#### [BRIEF]
Nothing but the records themselves, exactly as written, should appear in the reply; leave out the pictures.

#### [TASK DATA]
======
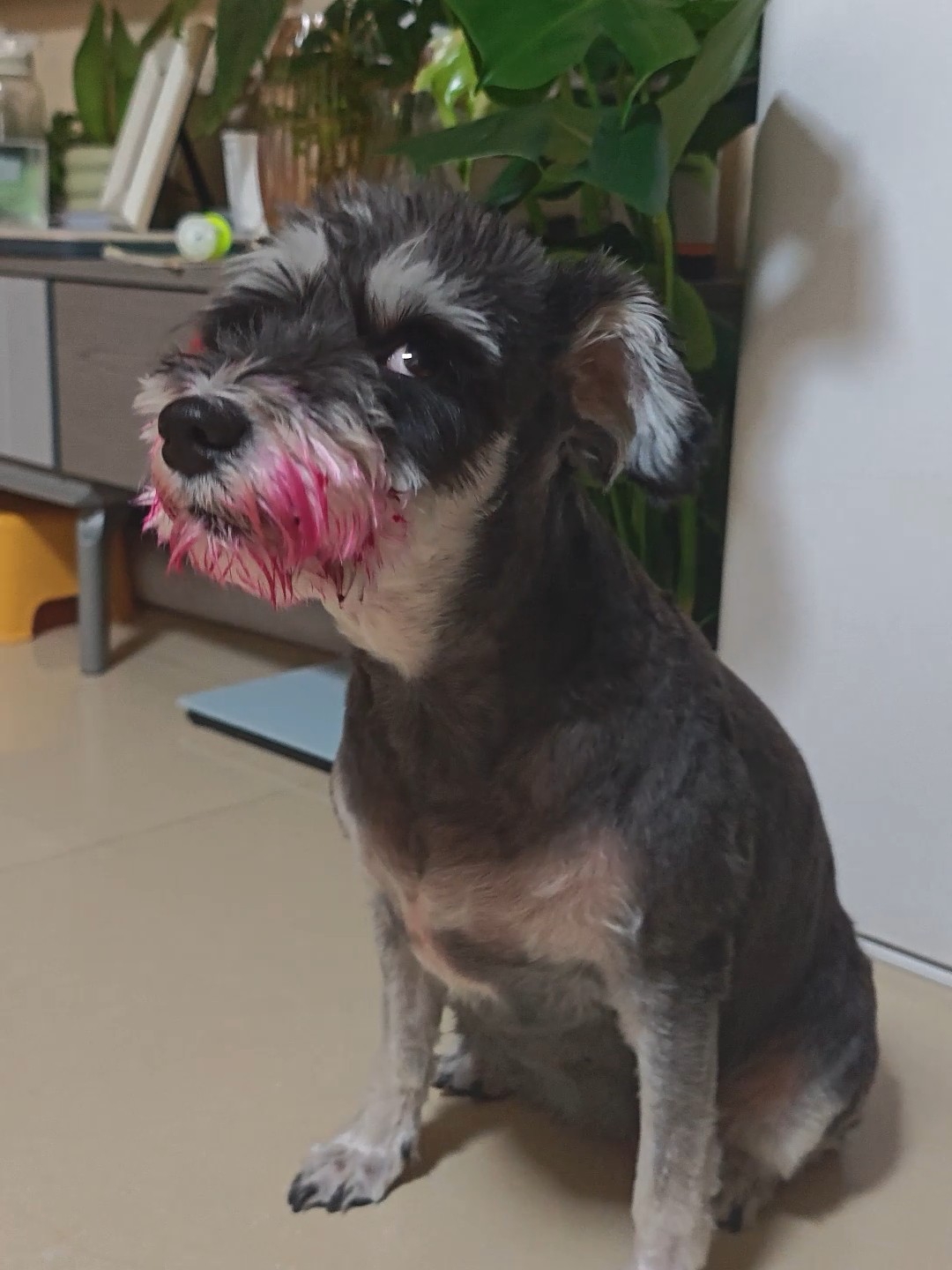 报告！我有个不靠谱的主人
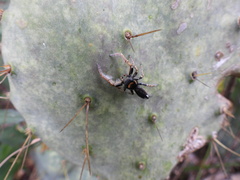 Phidippus arizonensis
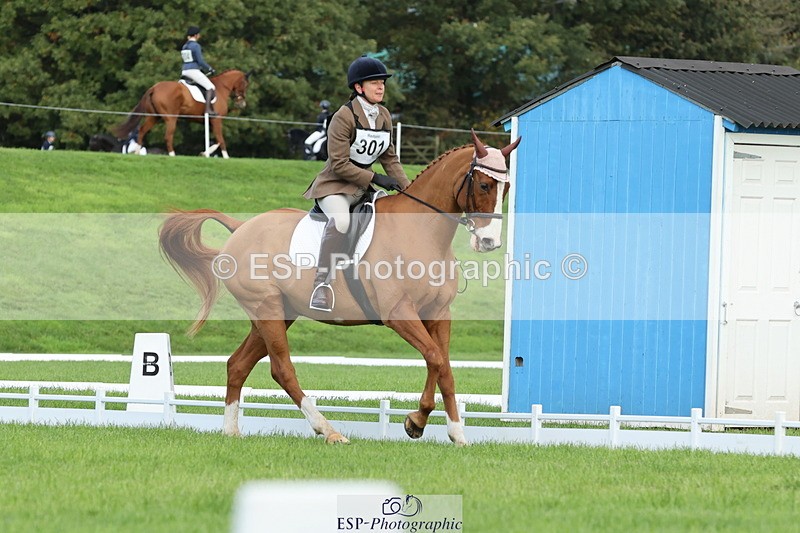 251023A-100058-03009 - D-301-Alison.Stewart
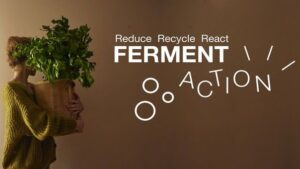 Fermentazione, fonte di Umami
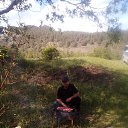 ���� ������, �������, 49 ��� - ��������� 8 ���� 2017 � ������ ���� ����������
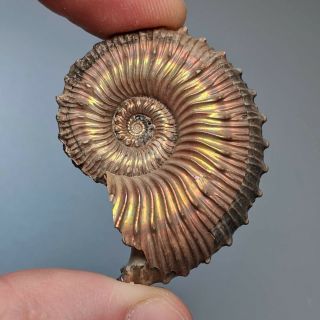 4,  3 Cm (1,  7 In) Ammonite Kosmoceras Pyrite Jurassic Russia Fossil Ammonit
======
#### [RESULT FOR THIS EXERCISE]
 报告！我有个不靠谱的主人
 Phidippus arizonensis
 251023A-100058-03009 - D-301-Alison.Stewart
 Fermentazione, fonte di Umami
 ���� ������, �������, 49 ��� - ��������� 8 ���� 2017 � ������ ���� ����������
 4,  3 Cm (1,  7 In) Ammonite Kosmoceras Pyrite Jurassic Russia Fossil Ammonit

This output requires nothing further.